Mods vs HP

[MTV7]

I bought my 07 4.6L already modded. It has header back exhaust, ford racing throttle body, CAI, stiffened chassis. That’s what I have found so far.

At any rate, I know the factory horsepower on these is 300 hp. I found a Dyno test done on my car that showed 282 whp and 296 ft/lb torque. I assumed that was a pre-mod Dyno given the numbers.

I hear a lot about supercharged 4.6s topping out at around 400 hp but have heard as much as 600. I have not done a Dyno on my car yet. Obviously a Dyno will tell me real numbers in my car which I intend to do.

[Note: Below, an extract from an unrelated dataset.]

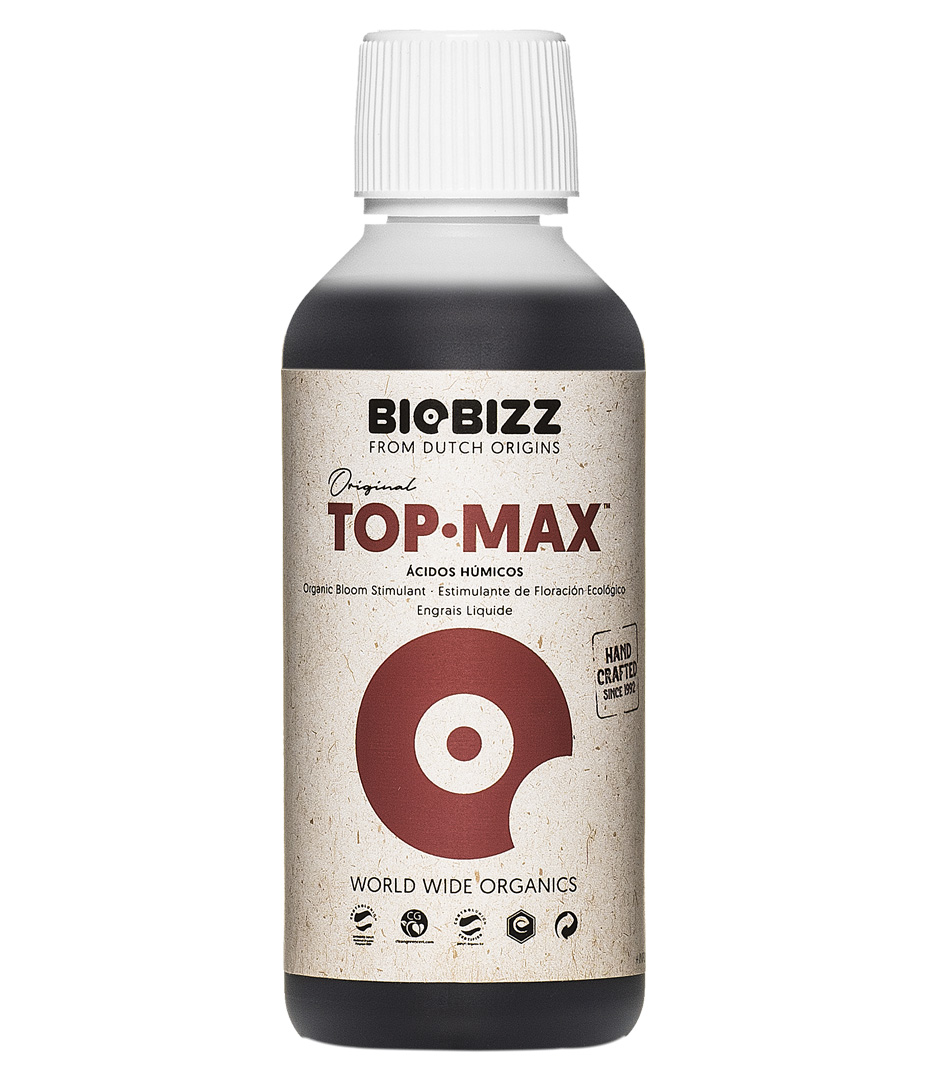 Growversand biobizz top-max 0,25l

But, I am wondering if maybe the Dyno that I know was done at 282 whp is actually post mod? But that doesn’t make sense given factory rating. I would expect post mod to be 330ish. For those who have modded, what has been your experience in pre and post mod hp?

Thanks

 

[Dino Dino Bambino]

I bought my 07 4.6L already modded. It has header back exhaust, ford racing throttle body, CAI, stiffened chassis. That’s what I have found so far.

At any rate, I know the factory horsepower on these is 300 hp. I found a Dyno test done on my car that showed 282 whp and 296 ft/lb torque. I assumed that was a pre-mod Dyno given the numbers.

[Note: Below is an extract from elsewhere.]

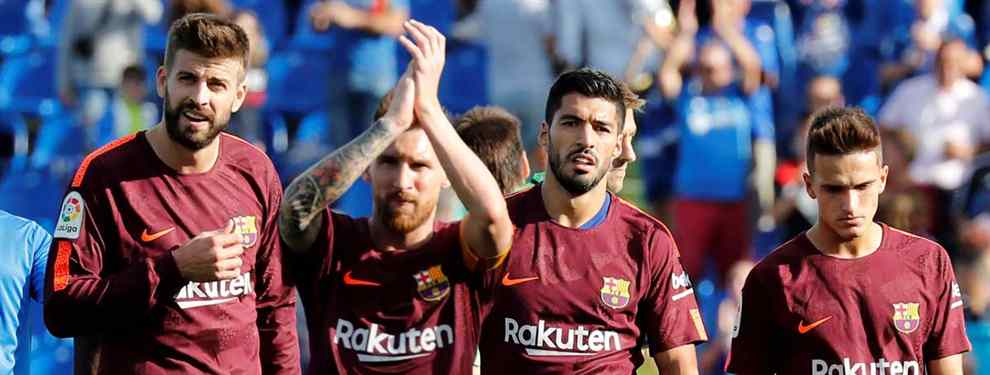 La estrella del Bar&ccedil;a que pone a la directiva en jaque pidiendo una renovaci&oacute;n millonaria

Your numbers of 282/296 were at the rear wheels. Assuming a typical 12% drivetrain loss for these cars, that's about 320/336 at the crank. That said, the type of dyno you used can make a difference (inertia vs load dyno).

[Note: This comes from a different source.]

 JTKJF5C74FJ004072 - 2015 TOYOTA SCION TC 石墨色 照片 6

These page show what you can expect on the dyno from various N/A mods:

Mustang 4.6L Three-Valve Dyno Runs

https://www.angelfire.com/my/fan/Mustang2006GT/S197_Bolt_Ons.htm

 

[JC SSP]

Those are good numbers for a basically stock car. Enjoy your ride.

 

[AHaze]

Yeah, 282 wheel HP is likely the "after" number. IIRC, stock '05-'09 GTs put down 270 wheel at best. On a stock engine, the big throttle body will give you basically zero gain and any exhaust that retains the stock manifolds won't do much better.
As for supercharging a 4.6, there's lots of folklore out there on how far you can push it before the stock connecting rods snap and ventilate the block. Some say 450 WHP, others say the torque number is what matters and as long as that stays under 450, you should be OK. Either way, a good tune is vital and there are no guarantees. Some have grenaded at less than 450 WHP, others have been running at 470+ for years and I can think of at least one that made over 500 WHP for long enough to get some time slips.
If you're willing to drop the coin on a built short block, 600 WHP is relatively easy.

 

[Dcraig10004]

That 282/296 is definitely post-mod, and as mentioned above, it depends on what it was dynoed on. Generally, a Powerdyne Mustang Dyno is very stingy giving the numbers you hope for, but they are true numbers compared to other dynos. Throw a set of cams and a FR intake manifold on, and I think you'll be pleased with the results, but keep in mind you need a good tuning guy.

 

[MrBhp]

You just never know what you're going to get on a dyno. My car with nothing but exhaust and cai did 297 on a hot humid day. My tuner at the time felt like it had more in it, but it kept pulling timing back. He figured it was the cats. After long tubes and no cats it did 304. But it felt like a LOT more.
As far as how much hp/tq your specific motor can handle, that's also unknown. The guidelines you here are safe numbers for protecting the weakest components, which as previously stated is usually the connecting rods. I've been running 10lbs of boost with a single turbo setup. Some folks will say that's too much for a daily, but I've put 15,000 miles on it with no issues. And I drive it like a stolen mule. Turbo whp is easier on the engine than a centri or pd. A member on this forum had a built engine ready to go in. He has a single turbo setup on the original engine. Before he put the new long block in, he wanted to find the limits of the factory bottom end. He kept cranking up the boost over period of several weeks. I think he finally windowed the block at 18lbs. I may have that story wrong, but it's probably close enough. I can't remember who the member was.

 

[Dino Dino Bambino]

As far as how much hp/tq your specific motor can handle, that's also unknown. The guidelines you here are safe numbers for protecting the weakest components, which as previously stated is usually the connecting rods. I've been running 10lbs of boost with a single turbo setup. Some folks will say that's too much for a daily, but I've put 15,000 miles on it with no issues. And I drive it like a stolen mule. Turbo whp is easier on the engine than a centri or pd.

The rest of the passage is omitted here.